If you are measuring response in nanoseconds, 100 microseconds is still a lot.
However, it may be good enough for games at well below 1% of your time budget for a 60 fps game assuming cache locality is good enough so you don't waste too much time fetching from main memory.
It's a function of the number of keys more than heap size directly. I've benchmarked the STW at 20ms pauses for ~2G if the values are ~10k each, and 200ms if the keys are 1K each at the same amount of RAM.
50% of speed isn't the whole deal.
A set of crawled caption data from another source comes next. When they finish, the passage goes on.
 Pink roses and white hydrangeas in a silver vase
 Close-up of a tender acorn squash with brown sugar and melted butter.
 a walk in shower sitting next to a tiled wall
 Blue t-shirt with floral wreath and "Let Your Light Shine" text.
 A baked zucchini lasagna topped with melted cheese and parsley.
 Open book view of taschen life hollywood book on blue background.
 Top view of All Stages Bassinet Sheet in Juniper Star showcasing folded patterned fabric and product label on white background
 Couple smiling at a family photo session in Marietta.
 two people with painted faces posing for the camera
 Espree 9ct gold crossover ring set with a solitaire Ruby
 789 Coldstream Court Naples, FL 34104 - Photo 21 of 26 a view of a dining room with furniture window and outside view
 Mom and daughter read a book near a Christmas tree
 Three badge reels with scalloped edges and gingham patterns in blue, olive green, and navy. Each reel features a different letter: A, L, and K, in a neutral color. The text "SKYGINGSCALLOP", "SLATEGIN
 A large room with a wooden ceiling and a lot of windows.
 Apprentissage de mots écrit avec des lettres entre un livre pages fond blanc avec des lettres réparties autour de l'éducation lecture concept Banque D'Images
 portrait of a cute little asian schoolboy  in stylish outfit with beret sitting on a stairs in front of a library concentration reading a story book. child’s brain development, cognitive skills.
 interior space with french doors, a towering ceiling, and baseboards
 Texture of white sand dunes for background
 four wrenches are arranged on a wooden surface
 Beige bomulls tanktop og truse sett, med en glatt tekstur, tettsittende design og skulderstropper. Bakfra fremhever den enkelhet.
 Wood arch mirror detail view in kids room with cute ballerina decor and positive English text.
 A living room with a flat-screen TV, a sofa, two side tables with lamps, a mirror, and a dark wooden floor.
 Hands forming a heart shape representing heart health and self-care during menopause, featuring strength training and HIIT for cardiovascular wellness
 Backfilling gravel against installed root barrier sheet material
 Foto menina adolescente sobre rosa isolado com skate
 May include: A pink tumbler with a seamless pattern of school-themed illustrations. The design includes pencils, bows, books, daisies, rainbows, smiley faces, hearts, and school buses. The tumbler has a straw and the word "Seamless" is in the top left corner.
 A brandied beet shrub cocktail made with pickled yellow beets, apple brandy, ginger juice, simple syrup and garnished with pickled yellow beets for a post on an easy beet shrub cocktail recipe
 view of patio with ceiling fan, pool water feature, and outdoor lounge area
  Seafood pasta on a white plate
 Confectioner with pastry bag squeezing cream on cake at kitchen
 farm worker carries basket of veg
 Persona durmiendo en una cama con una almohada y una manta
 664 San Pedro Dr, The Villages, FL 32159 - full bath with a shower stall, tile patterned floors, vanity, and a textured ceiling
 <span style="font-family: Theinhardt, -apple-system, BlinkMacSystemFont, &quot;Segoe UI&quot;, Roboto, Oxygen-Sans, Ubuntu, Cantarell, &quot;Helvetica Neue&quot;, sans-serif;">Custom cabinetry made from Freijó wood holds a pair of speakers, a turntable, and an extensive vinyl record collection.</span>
Latency and memory use matter too.
Audio,Video, Games, Networking,etc require minimal latency.
Memory use is also critical: when you data structures explode into GBs of RAM, a twice larger means you can run out of RAM and start swapping to disk, lowering performance substantially. Finally 50% of speed in isolated benchmarks with minimal GC use doesn't mean 50% inside a complex application, where GC can pause the current thread or steal time continuously.
Latencies like this are doable with a lot of tuning on Intel CPUs; out of the box you'll get to the 40s with fast memory. And those CPUs have three cache levels instead of two...
A good old-fashioned 2010-era gaming PC would already get down to around 50 ns levels.
It's definitely really good, but considering it's rather fast RAM (DDR4 4266 CL16) and doesn't have L3 it's not that surprising.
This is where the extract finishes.